We’ve written a lot in this blog about USB Type-C. You’ll find articles here, hereand here, just for starters. Not so long ago, an article surfaced about certain dodgy cables destroying an engineer’s laptop and test equipment. The astonishing flexibility of the USB-C connection is an early manifestation of the emerging IoT experience. As we work to connect more things, to streamline more processes and to pack more power into smaller, lighter and more efficient packages, we are also going to find that we must carefully invest in technology that is optimized for self-description and two-way communication as an element of its environment. The manufacturer of the USB Type-C cable that damaged the Google engineer’s gear in the above article clearly hadn’t invested in understanding the need for intelligence in something as unprepossessing as a USB patchcord.
USB Type-C is just the first of what will certainly be an evolution in many connectivity systems. The traditional USB connection on your laptop or tablet has a straightforward job – transport data across a differential pair of conductors, and deliver 5 volts DC up to a maximum of 10 watts across another pair. Not so with USB-C. The new format’s 24 pins can support a dizzying array of power profiles that span a range ten times greater than past specs allowed. Additionally, the auto-configuration capability of USB-C allows the connection of audio, video, control and power elements in a less hierarchical, more intuitive order than in the past. You’ll be able to connect your smartphone to your tablet, or your tablet to a colleague’s tablet to share a battery charge or transfer content. To make this possible, USB-C uses a complex system of e-marker chips and billboard chips embedded in the cables and connectors themselves. These “smart” cables and docks are little islands of information, far removed from the simple, stupid pipes of 20th Century connectivity.

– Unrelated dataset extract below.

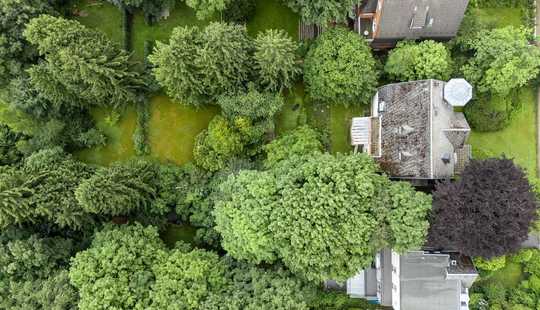 Bild von Ein Rohdiamant im besten Viertel – bereit, wieder zu strahlen!
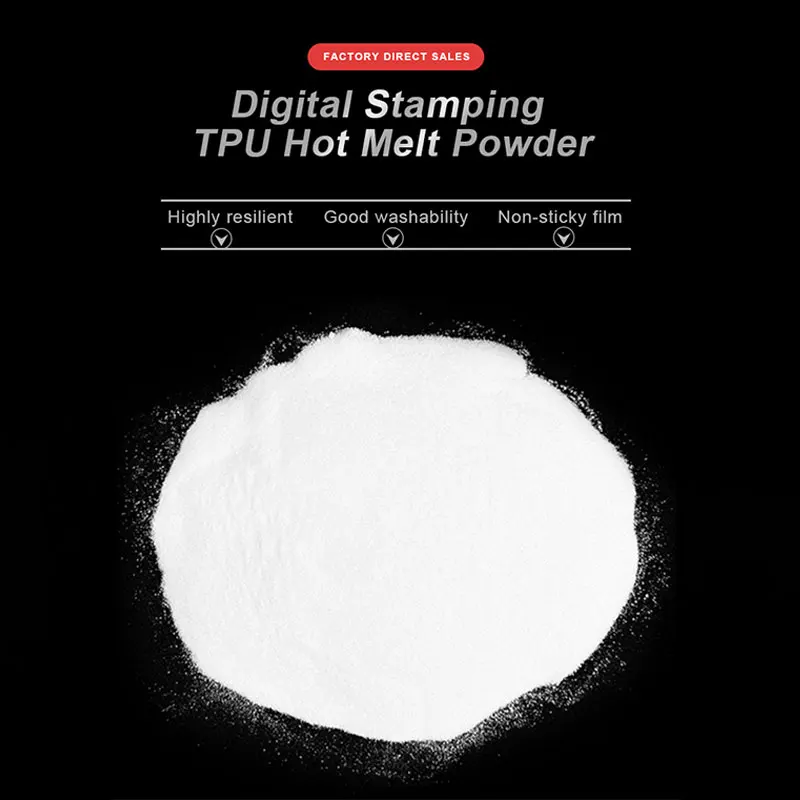 Fcolor 1000G Dtf Hot Melt Powder Adesivo Nero O Bianco Per Stampante Epson Dtf Direct To Film Tshirt Printing Machine Dtf Powder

In the near past, good connectivity was simply a matter of using quality construction techniques and the proper tools to attach the desired form factor interface to either end of a copper, fiber or hybrid cable. Making a quality, useful VGA interconnect didn’t take a lot of research or demand a big investment in engineering skills. The game changed very little when analog sunset gave way to a new, digital sunrise. For certain, HDMI cables are more complex and more challenging to build than an HD-15 terminated analog VGA patch cable, but this is a matter of scale and not substance. Pin 1 on one end connects to Pin 1 on the other end. The next generation of connectivity solutions, however, will demand a wholly different competency in system design and integration on the part of a manufacturer. It won’t take too many fried $1200 Chromebooks to ruin a reputation.

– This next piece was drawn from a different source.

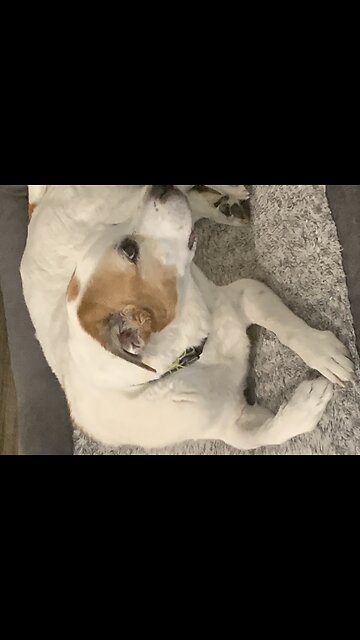 Conversation With my Dog !!!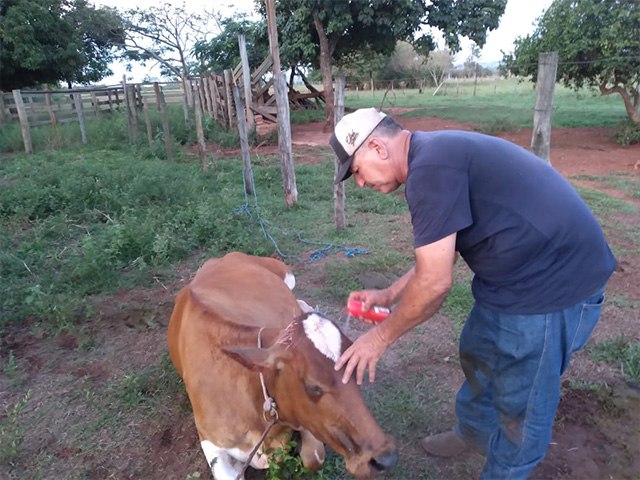Vereador Lorinho socorre pequeno assentado ao salvar vaca em perigo de morte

As the Internet of Things goes mainstream, suppliers of solutions and devices will have to focus on applications and standards as much as, or even more than, they do on processes and efficiencies. The best producers will ensure they have a strong presence at the leading edge of the storm, all the better to understand how the landscape will be changed by the coming winds of technological change. Instead of asking a simple “How long do you want this connection?”, they will instead ask “What do you want it to do?” Instead of listing how many things they can connect, the best manufacturers will be sharing their vision of new and emerging A/V apps and services.

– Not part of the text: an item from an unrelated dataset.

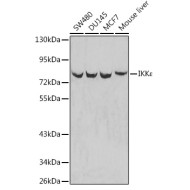 IKKε Rabbit pAb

The communications industry, and the A/V community in particular, will be driven to look at cabling and connectivity as a fully-fledged component of the system’s design. “Cable trust” will mean a lot more than simply avoiding counterfeit cables that fail to meet fire and flame resistant standards or that don’t deliver the performance indicated by their published specs. In the TechRadar™: Internet Of Things, Q1 2016 report, Forrester states that IoT “standards are nascent, as vendors are only a couple of years into the process of creating general-purpose interoperability standards.” As the tempest called the Internet of Things scours the landscape, and as a new normal where patch cords and cables have to communicate with the devices to which they’re attached begins to take shape and grow, you’ll need to know that your connectivity solutions are coming from a vendor who’s committed, involved and excited about making your installations work to the very limits of their design.